= Task brief =
Out of the entries that follow, copy each line containing "Thank".

Data entries
---*---
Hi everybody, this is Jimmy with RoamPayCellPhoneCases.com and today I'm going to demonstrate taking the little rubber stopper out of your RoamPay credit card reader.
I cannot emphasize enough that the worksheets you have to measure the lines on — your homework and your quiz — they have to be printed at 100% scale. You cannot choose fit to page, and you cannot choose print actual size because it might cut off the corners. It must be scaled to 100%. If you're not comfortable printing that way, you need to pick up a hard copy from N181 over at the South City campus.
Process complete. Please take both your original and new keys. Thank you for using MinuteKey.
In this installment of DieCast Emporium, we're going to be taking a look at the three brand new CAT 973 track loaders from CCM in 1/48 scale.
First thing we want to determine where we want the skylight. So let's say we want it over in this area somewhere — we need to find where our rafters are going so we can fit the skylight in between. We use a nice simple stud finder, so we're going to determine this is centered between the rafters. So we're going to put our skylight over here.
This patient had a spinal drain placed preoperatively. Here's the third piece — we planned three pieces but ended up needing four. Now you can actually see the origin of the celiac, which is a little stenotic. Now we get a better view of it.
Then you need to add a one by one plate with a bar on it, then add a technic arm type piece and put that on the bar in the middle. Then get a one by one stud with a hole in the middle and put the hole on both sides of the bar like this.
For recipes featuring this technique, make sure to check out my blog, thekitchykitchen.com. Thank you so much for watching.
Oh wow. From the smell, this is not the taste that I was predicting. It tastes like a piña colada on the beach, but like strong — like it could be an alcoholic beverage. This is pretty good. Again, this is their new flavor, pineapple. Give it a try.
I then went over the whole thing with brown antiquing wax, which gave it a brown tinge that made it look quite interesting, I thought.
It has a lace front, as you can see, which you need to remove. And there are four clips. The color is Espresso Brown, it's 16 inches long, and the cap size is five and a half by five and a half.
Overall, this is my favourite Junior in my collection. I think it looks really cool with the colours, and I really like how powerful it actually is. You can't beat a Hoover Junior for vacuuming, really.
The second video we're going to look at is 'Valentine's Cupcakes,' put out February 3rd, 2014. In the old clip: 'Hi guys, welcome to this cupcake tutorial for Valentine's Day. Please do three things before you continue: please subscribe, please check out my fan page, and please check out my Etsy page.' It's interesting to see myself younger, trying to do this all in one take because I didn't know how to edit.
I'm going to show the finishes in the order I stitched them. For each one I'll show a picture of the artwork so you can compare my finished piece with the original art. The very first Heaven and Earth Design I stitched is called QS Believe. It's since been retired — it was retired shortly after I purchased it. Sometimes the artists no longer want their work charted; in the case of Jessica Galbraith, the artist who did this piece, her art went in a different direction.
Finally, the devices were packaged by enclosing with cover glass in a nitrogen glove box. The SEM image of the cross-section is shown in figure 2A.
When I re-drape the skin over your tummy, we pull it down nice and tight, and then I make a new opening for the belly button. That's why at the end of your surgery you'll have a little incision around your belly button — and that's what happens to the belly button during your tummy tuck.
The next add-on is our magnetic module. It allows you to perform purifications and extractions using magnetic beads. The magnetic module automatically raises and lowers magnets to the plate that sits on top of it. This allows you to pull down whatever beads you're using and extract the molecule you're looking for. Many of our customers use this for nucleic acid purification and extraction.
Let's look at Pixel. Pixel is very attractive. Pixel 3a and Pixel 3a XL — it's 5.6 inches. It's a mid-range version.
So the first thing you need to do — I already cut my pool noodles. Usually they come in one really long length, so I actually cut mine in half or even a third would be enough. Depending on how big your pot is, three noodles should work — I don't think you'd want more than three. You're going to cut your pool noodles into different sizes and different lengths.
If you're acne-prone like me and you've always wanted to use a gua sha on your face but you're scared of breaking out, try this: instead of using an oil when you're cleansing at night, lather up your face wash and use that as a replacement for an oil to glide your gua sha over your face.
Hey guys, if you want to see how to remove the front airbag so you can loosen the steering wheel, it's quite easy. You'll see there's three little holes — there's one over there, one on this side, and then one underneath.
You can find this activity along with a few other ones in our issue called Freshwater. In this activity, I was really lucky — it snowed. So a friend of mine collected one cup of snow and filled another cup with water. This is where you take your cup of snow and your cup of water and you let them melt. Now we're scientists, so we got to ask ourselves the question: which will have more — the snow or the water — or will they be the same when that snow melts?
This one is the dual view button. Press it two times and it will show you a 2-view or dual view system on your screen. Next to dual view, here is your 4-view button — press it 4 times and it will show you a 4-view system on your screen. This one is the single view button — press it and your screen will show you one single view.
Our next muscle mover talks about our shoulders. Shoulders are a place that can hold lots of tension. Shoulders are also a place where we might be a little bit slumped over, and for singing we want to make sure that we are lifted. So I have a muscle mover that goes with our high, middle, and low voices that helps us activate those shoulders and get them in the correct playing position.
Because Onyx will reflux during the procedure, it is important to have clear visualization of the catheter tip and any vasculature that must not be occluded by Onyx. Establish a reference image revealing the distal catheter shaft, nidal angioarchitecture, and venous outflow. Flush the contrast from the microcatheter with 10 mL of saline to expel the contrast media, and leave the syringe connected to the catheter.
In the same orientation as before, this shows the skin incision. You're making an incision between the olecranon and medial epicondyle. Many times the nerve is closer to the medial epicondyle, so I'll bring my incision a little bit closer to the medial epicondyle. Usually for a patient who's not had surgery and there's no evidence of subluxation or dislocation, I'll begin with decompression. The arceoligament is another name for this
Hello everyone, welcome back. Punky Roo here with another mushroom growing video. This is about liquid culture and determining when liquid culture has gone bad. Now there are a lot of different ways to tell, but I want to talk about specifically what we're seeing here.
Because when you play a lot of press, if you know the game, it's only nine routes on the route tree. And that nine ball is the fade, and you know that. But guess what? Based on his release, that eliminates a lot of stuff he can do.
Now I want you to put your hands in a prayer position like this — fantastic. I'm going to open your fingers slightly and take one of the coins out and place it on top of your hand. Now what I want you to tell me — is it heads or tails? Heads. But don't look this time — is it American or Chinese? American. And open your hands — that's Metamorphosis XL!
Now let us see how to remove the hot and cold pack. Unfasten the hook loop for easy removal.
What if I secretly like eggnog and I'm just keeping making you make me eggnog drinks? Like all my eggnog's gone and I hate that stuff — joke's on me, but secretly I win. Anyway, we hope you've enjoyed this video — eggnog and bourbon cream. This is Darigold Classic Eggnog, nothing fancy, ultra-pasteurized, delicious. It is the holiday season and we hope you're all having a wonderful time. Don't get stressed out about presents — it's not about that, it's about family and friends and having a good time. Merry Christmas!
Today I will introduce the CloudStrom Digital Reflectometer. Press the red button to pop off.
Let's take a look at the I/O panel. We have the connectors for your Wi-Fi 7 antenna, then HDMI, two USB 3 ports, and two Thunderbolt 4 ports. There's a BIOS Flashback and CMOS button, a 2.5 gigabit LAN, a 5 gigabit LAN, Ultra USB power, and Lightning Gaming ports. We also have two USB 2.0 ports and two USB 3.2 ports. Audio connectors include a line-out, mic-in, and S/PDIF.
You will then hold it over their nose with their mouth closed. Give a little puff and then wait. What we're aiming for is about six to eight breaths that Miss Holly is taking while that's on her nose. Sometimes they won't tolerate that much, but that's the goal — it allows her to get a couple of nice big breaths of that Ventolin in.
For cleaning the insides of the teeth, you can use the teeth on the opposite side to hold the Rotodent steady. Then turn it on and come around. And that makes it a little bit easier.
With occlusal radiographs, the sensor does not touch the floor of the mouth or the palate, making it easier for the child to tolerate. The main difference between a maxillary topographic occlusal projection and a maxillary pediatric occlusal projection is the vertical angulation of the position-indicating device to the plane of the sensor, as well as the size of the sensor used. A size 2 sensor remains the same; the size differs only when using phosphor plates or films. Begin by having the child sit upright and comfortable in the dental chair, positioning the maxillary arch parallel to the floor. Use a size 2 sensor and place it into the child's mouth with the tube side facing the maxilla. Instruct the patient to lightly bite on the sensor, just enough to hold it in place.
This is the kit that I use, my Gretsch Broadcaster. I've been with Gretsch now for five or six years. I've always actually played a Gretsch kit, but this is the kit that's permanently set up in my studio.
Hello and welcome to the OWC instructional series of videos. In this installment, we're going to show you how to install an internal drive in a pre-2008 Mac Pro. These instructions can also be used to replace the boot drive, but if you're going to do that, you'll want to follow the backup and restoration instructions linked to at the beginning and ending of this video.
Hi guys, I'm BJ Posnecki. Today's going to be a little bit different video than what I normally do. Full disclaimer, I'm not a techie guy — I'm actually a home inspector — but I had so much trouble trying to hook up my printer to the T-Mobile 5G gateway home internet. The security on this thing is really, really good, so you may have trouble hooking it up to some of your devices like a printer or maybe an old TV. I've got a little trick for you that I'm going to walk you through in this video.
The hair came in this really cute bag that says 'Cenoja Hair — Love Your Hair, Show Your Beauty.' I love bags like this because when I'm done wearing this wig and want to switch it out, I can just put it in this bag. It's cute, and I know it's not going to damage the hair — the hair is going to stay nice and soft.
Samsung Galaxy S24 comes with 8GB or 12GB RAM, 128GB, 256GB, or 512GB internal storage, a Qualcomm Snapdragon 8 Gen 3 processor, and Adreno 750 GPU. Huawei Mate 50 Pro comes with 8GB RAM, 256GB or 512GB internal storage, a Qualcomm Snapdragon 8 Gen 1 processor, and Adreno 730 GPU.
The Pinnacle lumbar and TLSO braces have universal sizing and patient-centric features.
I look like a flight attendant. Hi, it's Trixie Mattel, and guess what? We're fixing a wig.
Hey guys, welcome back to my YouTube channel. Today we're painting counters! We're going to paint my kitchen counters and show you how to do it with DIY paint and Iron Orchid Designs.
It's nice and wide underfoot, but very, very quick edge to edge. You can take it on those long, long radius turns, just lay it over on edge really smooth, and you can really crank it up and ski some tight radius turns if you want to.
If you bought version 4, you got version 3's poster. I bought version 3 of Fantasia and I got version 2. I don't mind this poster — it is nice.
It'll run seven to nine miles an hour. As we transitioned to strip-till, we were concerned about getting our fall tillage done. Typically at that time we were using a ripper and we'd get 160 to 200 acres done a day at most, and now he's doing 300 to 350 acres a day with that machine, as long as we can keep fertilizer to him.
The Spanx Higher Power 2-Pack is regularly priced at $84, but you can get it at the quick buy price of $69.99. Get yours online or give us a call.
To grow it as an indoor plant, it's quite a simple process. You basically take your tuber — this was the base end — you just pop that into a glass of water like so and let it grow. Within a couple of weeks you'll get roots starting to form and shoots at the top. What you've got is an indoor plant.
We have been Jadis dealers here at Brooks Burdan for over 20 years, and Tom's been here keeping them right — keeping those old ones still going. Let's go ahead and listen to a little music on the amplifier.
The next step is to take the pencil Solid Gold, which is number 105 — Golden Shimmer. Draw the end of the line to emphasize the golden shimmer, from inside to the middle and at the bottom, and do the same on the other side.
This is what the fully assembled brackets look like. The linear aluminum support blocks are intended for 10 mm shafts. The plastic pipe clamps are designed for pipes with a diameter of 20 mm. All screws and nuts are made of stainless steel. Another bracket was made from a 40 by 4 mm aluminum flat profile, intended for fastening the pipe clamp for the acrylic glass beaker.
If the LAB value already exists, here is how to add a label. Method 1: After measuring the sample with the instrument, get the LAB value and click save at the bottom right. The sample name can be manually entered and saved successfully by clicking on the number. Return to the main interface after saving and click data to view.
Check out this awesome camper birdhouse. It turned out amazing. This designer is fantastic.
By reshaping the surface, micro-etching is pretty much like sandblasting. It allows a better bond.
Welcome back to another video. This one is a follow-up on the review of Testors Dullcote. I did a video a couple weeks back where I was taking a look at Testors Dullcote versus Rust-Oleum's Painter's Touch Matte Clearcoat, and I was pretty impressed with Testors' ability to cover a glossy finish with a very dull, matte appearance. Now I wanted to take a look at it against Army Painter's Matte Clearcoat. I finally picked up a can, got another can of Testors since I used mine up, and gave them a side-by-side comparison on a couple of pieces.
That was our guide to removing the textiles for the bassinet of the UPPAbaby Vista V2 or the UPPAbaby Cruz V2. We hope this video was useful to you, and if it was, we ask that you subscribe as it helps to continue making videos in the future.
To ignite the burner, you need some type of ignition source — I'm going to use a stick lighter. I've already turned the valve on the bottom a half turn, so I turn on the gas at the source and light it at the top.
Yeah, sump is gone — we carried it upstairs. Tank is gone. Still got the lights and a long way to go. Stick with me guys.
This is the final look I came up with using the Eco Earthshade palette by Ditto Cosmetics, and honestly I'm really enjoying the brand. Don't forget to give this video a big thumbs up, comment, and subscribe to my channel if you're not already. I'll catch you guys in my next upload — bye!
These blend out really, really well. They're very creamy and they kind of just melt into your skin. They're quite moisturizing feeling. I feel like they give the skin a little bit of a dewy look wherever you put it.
---*---
= Written reply =
Process complete. Please take both your original and new keys. Thank you for using MinuteKey.
For recipes featuring this technique, make sure to check out my blog, thekitchykitchen.com. Thank you so much for watching.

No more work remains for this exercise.